Resource Pools¶
ModelArts Resource Pools¶
When using ModelArts to implement AI Development Lifecycle, you can use two different resource pools to train and deploy models.
Public Resource Pool: provides public large-scale computing clusters, which are allocated based on job parameter settings. Resources are isolated by job.
Dedicated Resource Pool: provides exclusive compute resources, which can be used for model deployment. It delivers higher efficiency and cannot be shared with other users.
Create a dedicated resource pool and select the dedicated resource pool during AI development. For details about the dedicated resource pool, see the following:
Creating a Dedicated Resource Pool
Dedicated Resource Pool¶
Dedicated resource pools can be used in the following jobs and tasks: deployment (including real-time services).
Dedicated resource pools are available only when they are in the Running status. If a dedicated resource pool is Unavailable or Abnormal, rectify the fault before using it.
Creating a Dedicated Resource Pool¶
Log in to the ModelArts management console and choose Dedicated Resource Pools on the left.
On the Dedicated Resource Pools page, the list of the created resource pools is displayed.
Click Create in the upper left corner. The page for creating a dedicated resource pool is displayed.
Set the parameters on the page. For details about how to set parameters, see Table 1.
¶ Parameter
Description
Resource Type
The default value is Dedicated for Service Deployment and cannot be changed.
Name
Name of a dedicated resource pool.
The value can contain letters, digits, hyphens (-), and underscores (_).
Description
Brief description of a dedicated resource pool.
Nodes
Select the number of nodes in a dedicated resource pool. More nodes mean higher computing performance.
Specifications
Required specifications. The GPU delivers better performance, and the CPU is more cost-effective.
CPU: modelarts.vm.cpu.8ud
GPU: modelarts.vm.gpu.16g.v100
After confirming that the specifications are correct, create a dedicated resource pool as prompted. After a dedicated resource pool is created, its status changes to Running.
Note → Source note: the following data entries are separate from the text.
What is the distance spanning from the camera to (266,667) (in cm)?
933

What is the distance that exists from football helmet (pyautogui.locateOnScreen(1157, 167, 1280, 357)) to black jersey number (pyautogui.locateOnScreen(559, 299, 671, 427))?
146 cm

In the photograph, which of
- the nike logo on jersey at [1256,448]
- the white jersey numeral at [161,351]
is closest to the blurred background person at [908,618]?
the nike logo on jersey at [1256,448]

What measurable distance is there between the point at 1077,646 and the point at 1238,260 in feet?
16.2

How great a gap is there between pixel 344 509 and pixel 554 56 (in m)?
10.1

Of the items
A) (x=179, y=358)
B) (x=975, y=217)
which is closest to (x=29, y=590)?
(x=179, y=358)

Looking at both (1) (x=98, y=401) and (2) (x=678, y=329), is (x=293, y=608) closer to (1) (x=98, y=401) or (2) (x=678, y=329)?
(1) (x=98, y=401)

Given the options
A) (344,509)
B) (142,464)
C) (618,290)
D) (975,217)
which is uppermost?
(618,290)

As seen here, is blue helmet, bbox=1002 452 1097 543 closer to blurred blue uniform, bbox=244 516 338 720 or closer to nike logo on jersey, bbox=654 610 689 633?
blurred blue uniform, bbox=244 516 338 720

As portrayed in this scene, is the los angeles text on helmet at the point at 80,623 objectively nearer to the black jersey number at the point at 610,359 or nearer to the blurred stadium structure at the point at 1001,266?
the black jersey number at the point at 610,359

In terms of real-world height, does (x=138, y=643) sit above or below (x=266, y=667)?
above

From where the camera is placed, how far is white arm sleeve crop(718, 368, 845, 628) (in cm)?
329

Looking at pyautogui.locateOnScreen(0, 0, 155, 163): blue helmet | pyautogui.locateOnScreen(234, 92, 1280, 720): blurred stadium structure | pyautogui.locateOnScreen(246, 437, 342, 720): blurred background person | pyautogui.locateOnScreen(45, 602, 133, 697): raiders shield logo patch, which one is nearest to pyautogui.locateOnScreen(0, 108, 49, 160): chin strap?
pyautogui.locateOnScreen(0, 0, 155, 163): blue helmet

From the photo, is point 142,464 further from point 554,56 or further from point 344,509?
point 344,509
Scaling a Dedicated Resource Pool¶
After a dedicated resource pool is used for a period of time, you can scale out or in the capacity of the resource pool by increasing or decreasing the number of nodes.
The procedure for scaling is as follows:
Go to the dedicated resource pool management page, locate the row that contains the desired dedicated resource pool, and click Scale in the Operation column.
On the scaling page, increase or decrease the number of nodes. Increasing the node quantity scales out the resource pool whereas decreasing the node quantity scales in the resource pool. Scale the capacity based on service requirements.
During capacity expansion,
During capacity reduction, delete the target nodes in the Operation column. To reduce one node, you need to switch off the node in Node List to delete the node.
Click Submit. After the request is submitted, the dedicated resource pool management page is displayed.
Deleting a Dedicated Resource Pool¶
If a dedicated resource pool is no longer needed during AI service development, you can delete the resource pool to release resources and reduce costs.
Note
After a dedicated resource pool is deleted, the training jobs, notebook instances, and deployment that depend on the resource pool are unavailable. A dedicated resource pool cannot be restored after being deleted. Exercise caution when deleting a dedicated resource pool.
Go to the dedicated resource pool management page, locate the row that contains the desired dedicated resource pool, and click Delete in the Operation column.
In the dialog box that is displayed, click OK.